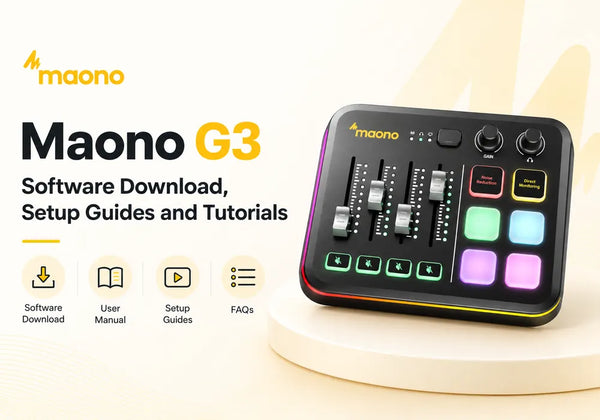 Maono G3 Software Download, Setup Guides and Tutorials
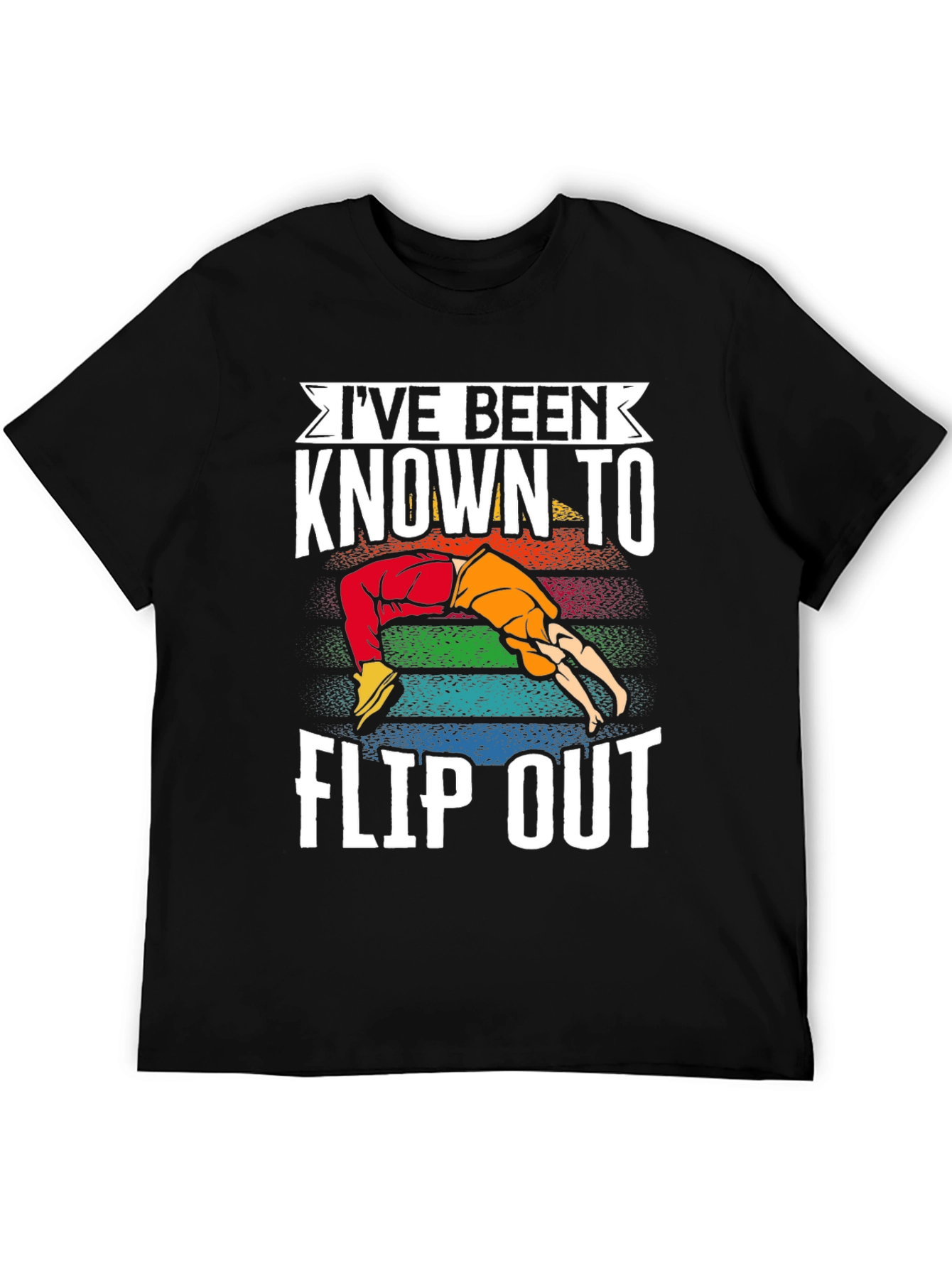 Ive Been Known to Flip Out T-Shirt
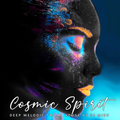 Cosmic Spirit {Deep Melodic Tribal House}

The problem> Without any of the pictures, reproduce the listing above exactly.

Answer box>
 Maono G3 Software Download, Setup Guides and Tutorials
 Ive Been Known to Flip Out T-Shirt
 Cosmic Spirit {Deep Melodic Tribal House}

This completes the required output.